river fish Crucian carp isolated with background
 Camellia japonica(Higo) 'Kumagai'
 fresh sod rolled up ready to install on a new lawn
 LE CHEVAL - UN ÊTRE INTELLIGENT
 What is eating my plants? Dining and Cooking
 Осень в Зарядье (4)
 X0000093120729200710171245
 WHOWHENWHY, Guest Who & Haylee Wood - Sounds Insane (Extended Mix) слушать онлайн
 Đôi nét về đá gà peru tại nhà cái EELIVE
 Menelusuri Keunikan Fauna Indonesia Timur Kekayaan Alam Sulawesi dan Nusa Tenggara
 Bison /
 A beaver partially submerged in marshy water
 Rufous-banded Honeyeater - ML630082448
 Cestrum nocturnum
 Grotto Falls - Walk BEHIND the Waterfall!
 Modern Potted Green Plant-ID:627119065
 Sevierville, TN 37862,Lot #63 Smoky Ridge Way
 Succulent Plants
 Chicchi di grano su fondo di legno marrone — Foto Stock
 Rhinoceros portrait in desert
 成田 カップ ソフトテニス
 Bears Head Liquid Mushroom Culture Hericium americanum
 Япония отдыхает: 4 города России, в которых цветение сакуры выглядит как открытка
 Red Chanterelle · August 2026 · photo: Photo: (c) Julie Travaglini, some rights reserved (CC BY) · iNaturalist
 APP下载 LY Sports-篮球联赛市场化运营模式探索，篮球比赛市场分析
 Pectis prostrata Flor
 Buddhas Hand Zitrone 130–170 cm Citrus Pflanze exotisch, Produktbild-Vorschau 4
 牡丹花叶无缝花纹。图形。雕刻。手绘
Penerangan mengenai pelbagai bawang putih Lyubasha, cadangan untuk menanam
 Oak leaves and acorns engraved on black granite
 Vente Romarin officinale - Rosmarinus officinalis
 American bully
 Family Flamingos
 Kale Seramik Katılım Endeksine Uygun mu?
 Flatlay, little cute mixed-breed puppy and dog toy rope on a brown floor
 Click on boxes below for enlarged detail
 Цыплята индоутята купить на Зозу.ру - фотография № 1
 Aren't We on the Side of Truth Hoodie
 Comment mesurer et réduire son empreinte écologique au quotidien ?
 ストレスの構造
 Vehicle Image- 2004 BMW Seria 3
++++++++++
### Your instructions
A faithful copy of the lines from the line containing "American bully" to the end of the data should be set down, both ends included, and nothing more.

### Problem solution
 American bully
 Family Flamingos
 Kale Seramik Katılım Endeksine Uygun mu?
 Flatlay, little cute mixed-breed puppy and dog toy rope on a brown floor
 Click on boxes below for enlarged detail
 Цыплята индоутята купить на Зозу.ру - фотография № 1
 Aren't We on the Side of Truth Hoodie
 Comment mesurer et réduire son empreinte écologique au quotidien ?
 ストレスの構造
 Vehicle Image- 2004 BMW Seria 3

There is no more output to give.